(WHAT TO DO) The answer consists solely of the lines running from the one with "Alpinestars SP-8 V3 GLOVE Sサイズ" through the final line below, transcribed exactly and without any pictures.
=== Begin Enclosure ===
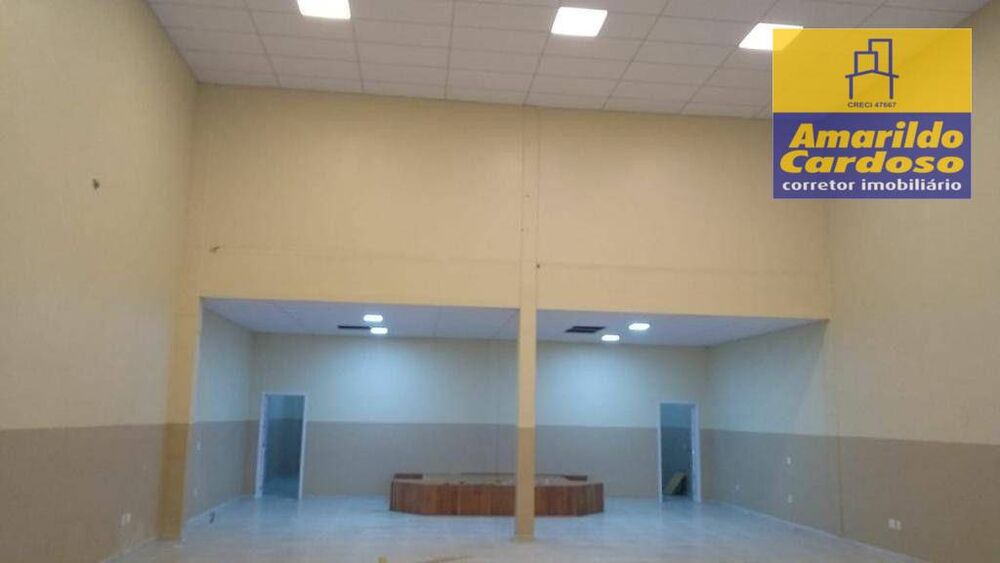 Sala-Conjunto, 356 m² - Foto 4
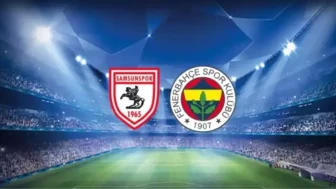 (Samsunspor-Fenerbahçe) Skriniar pozisyonu penaltı mı, el var mı?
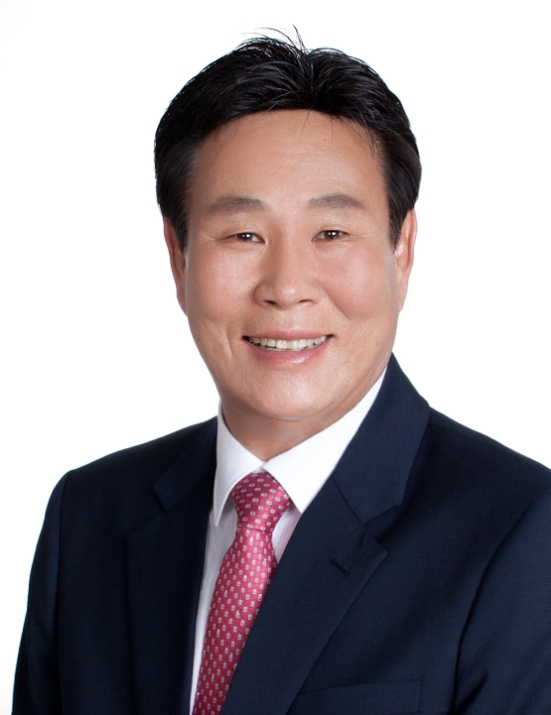 경상남도의회 주봉한 도의원, 119구급 사각지대 해소 위한취약계층 지원 근거 마련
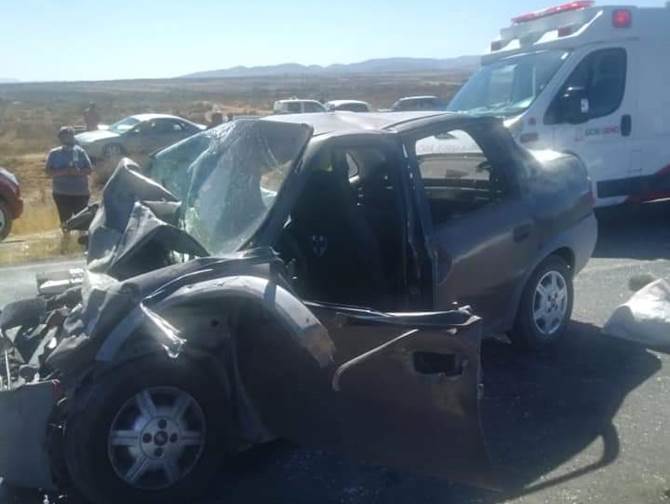 accidente mortal 4
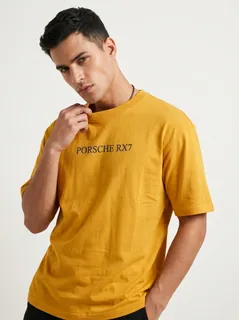 GR3606 CHARLY T-SHIRT M,L,XL,XXL 1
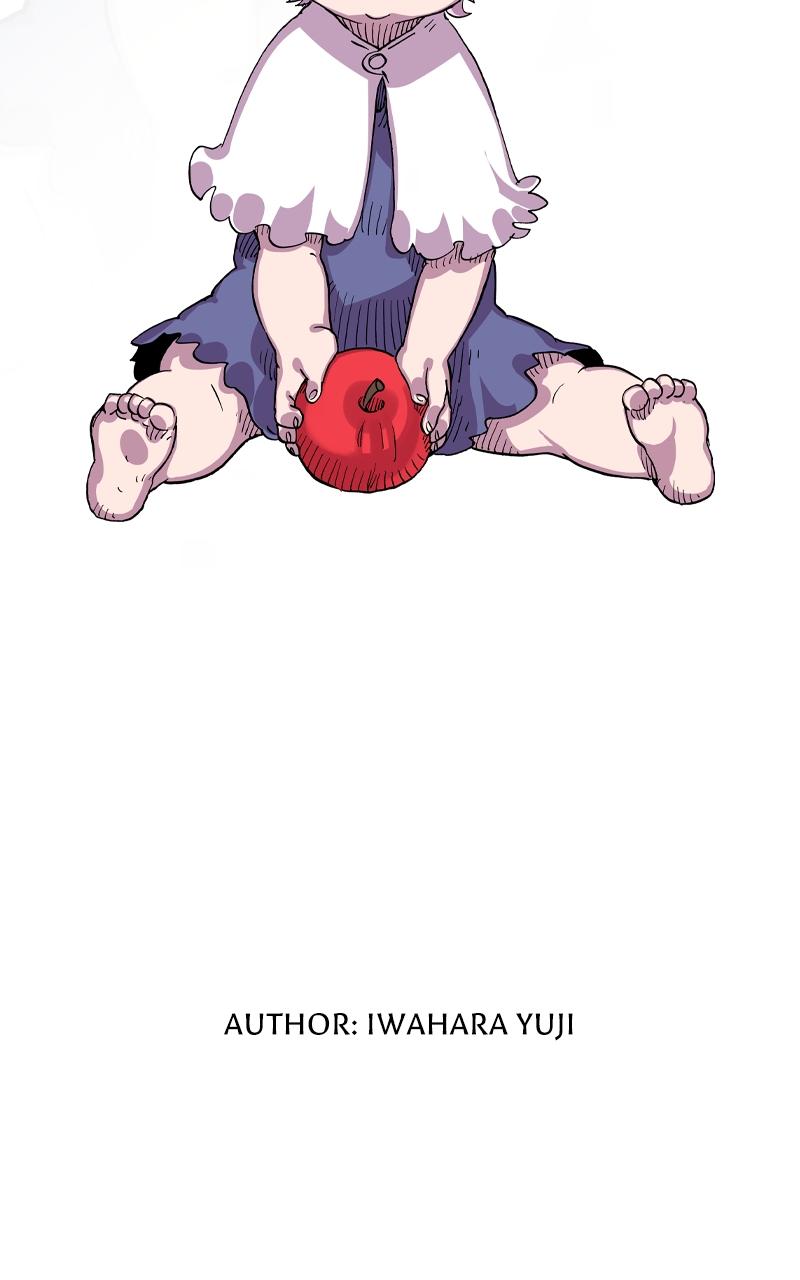 Read Clevatess Manga Online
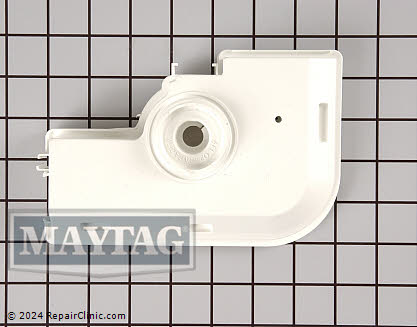 Dispenser Actuator 12001867 Alternate Product View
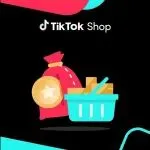 趋势、方法、商机全揭秘！TikTok Shop 3C大会透露2026年增长机遇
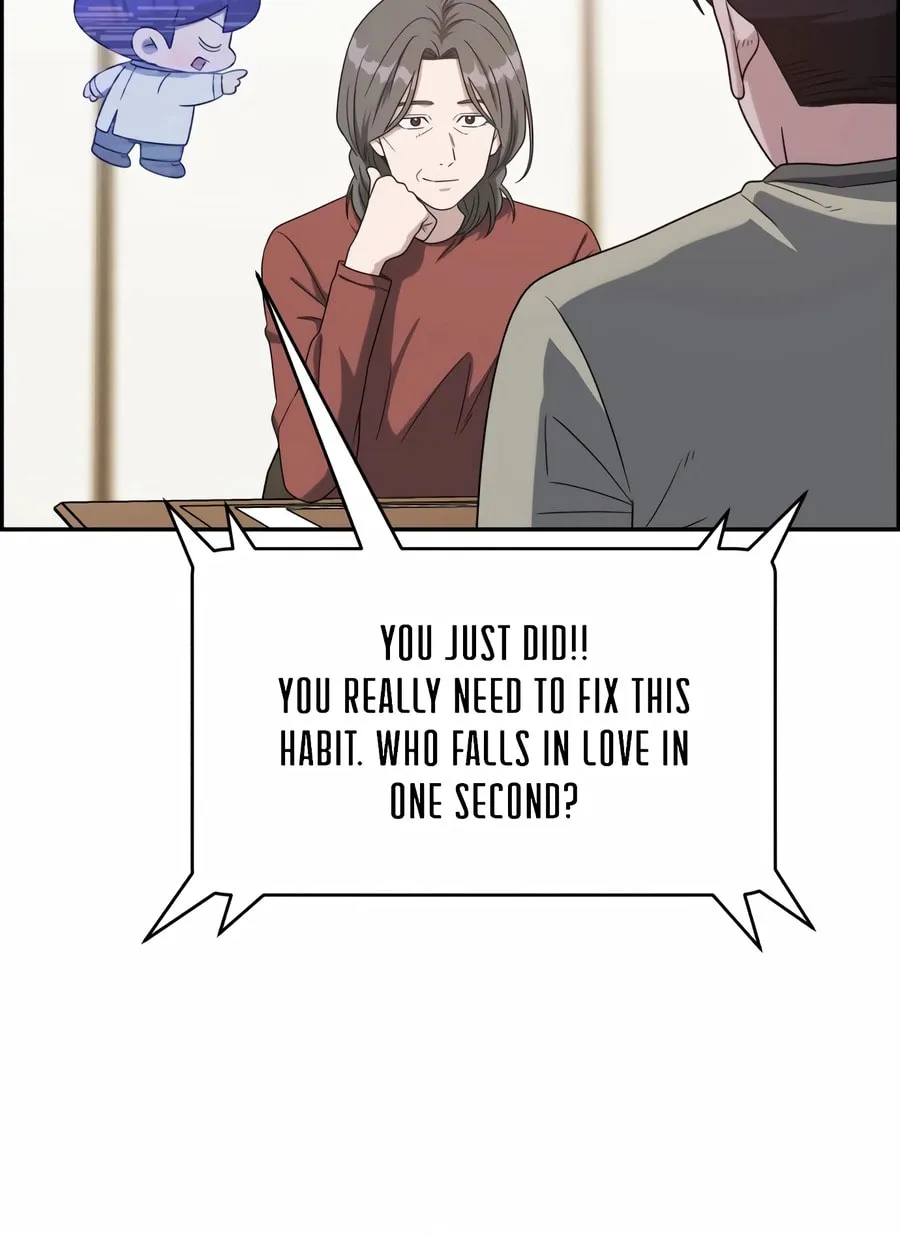 Read A.I. Doctor chapter 133 image 35 on Lezhin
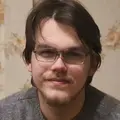 Я Владимир, 22, ищу девушку для секса на одну ночь из Челябинска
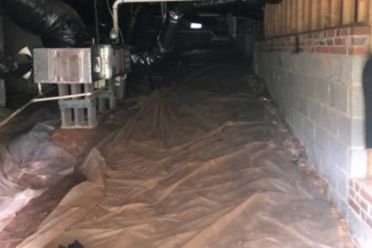 Before Encapsulation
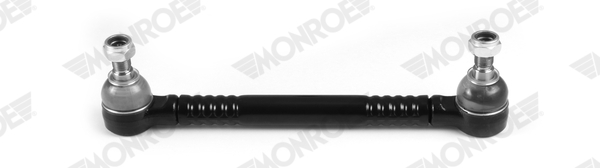 MONROE L95K00 Stange/Strebe, Stabilisator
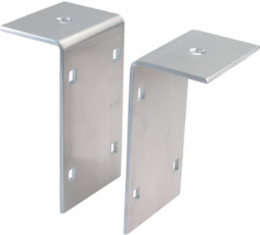 VERTICAL TRAY HANGER
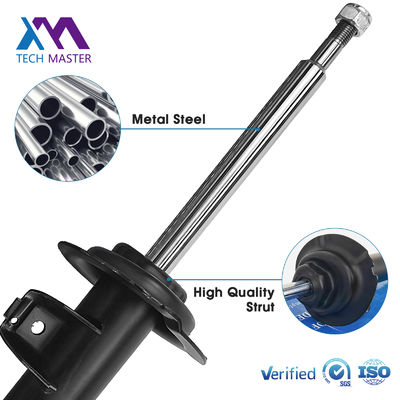 German car 290985 290986 33526759100 Auto Parts Front Car Shock Absorber for BMW 3 Series E46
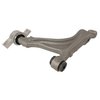 Control Arm - image 2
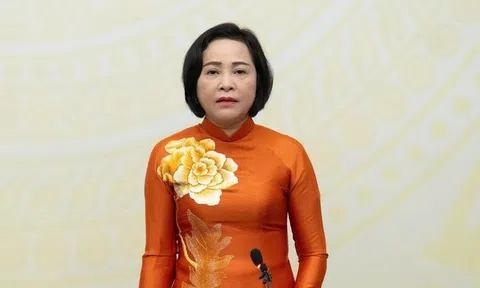 Đến 16h, đã có 76 triệu cử tri bỏ phiếu, nhiều tỉnh miền núi có tỉ lệ đi bầu cao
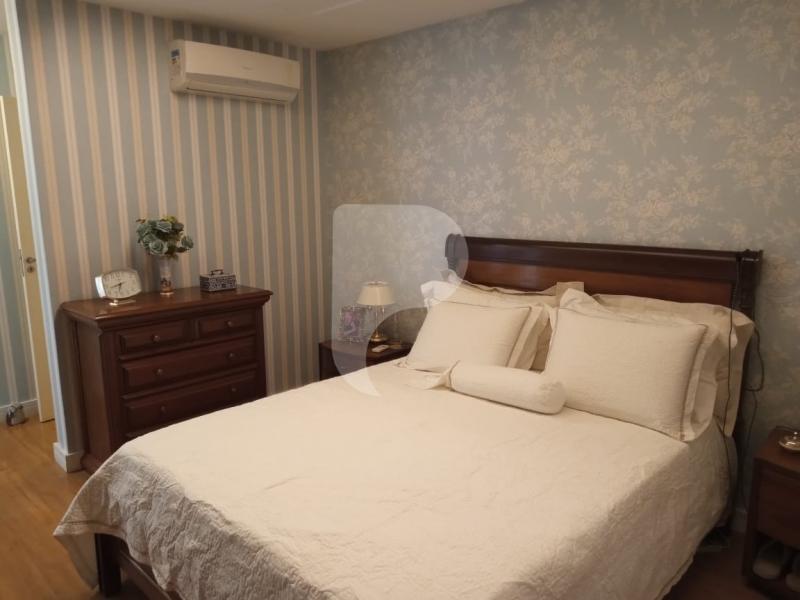 Casa à venda em Araras, Petrópolis - RJ - Foto 35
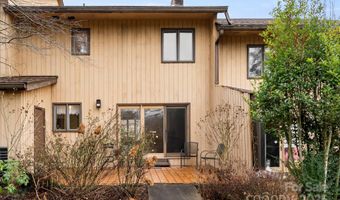 103 Pebble Creek Dr, Asheville, NC 28803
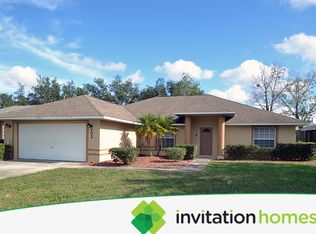 102 Oak Leigh Ct, Davenport, FL 33896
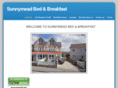 sunnymeadbandb.co.uk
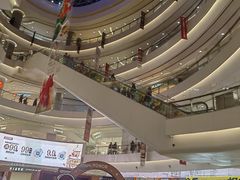 -凯德广场(金牛店)
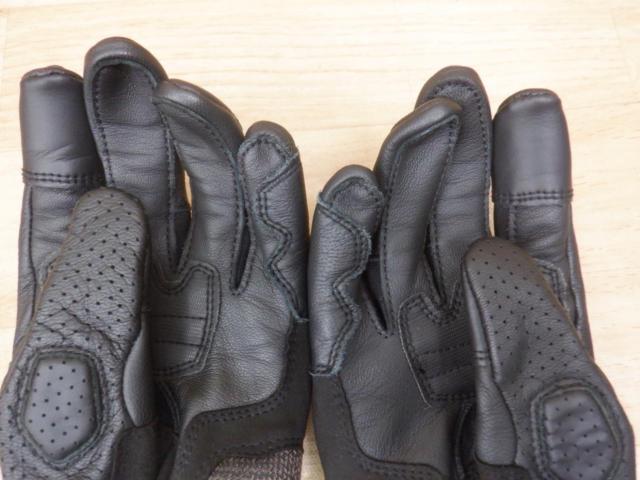 Alpinestars SP-8 V3 GLOVE Sサイズ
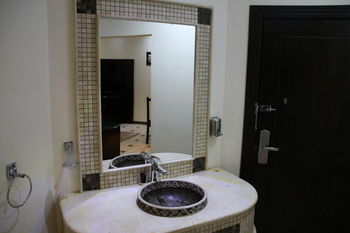 Aparthotel Dorar Darea Serviced - Al Malqa 3*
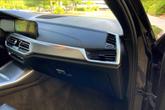 Thumbnail of 2019 Black Sapphire Metallic BMW X5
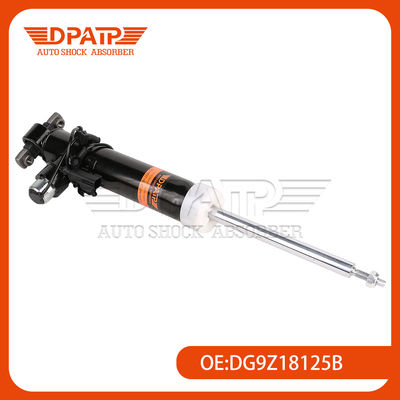 เครื่องดับกระแทกแบบส่งผลต่อกระแทกด้านหลัง DG9Z18125B DG9Z18125A สําหรับ Lincoln MKZ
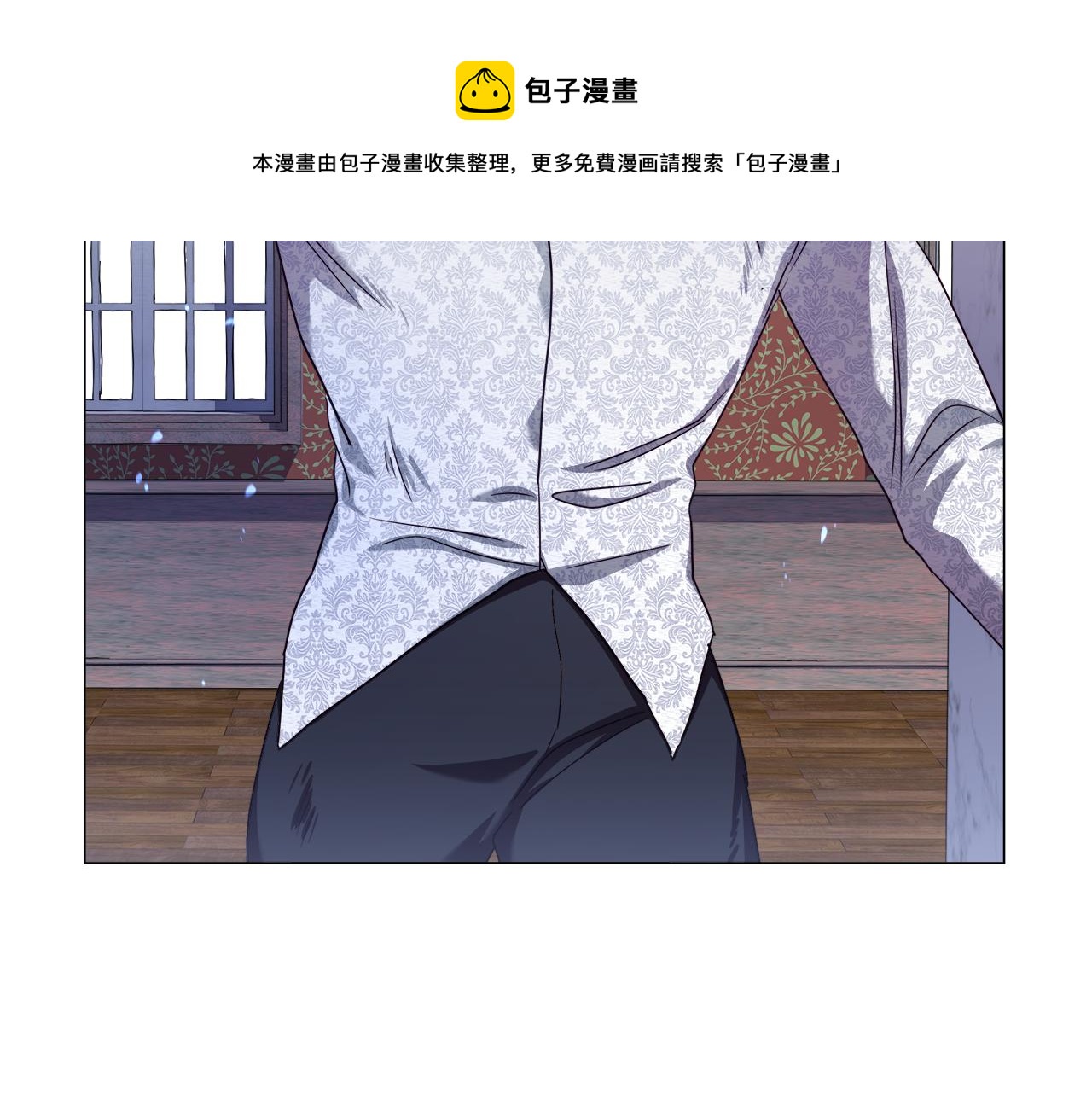 第21话 哥哥们的战争172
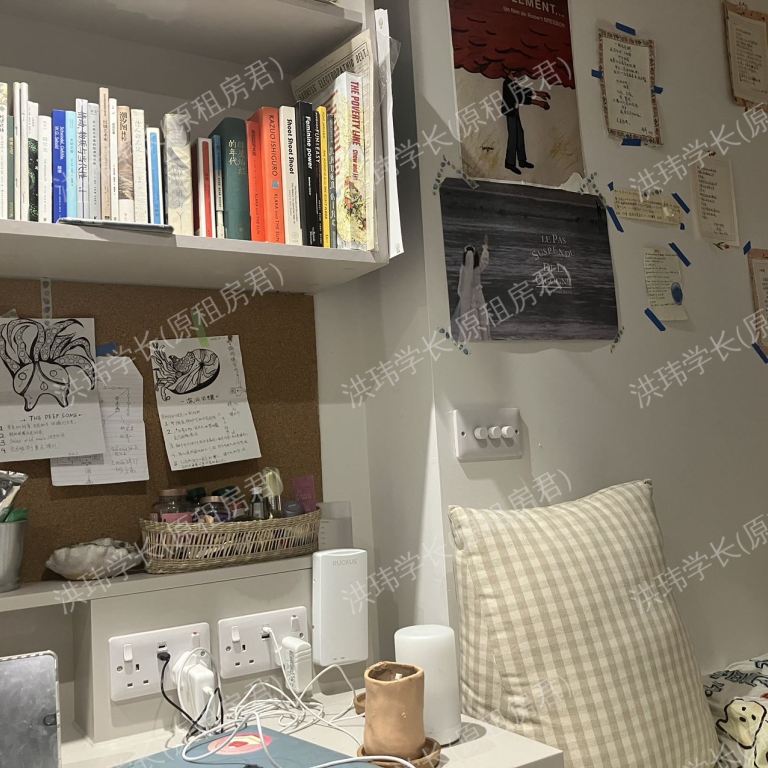 rooms picture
=== End Enclosure ===
(SOLUTION FOR THIS TASK)
 Alpinestars SP-8 V3 GLOVE Sサイズ
 Aparthotel Dorar Darea Serviced - Al Malqa 3*
 Thumbnail of 2019 Black Sapphire Metallic BMW X5
 เครื่องดับกระแทกแบบส่งผลต่อกระแทกด้านหลัง DG9Z18125B DG9Z18125A สําหรับ Lincoln MKZ
 第21话 哥哥们的战争172
 rooms picture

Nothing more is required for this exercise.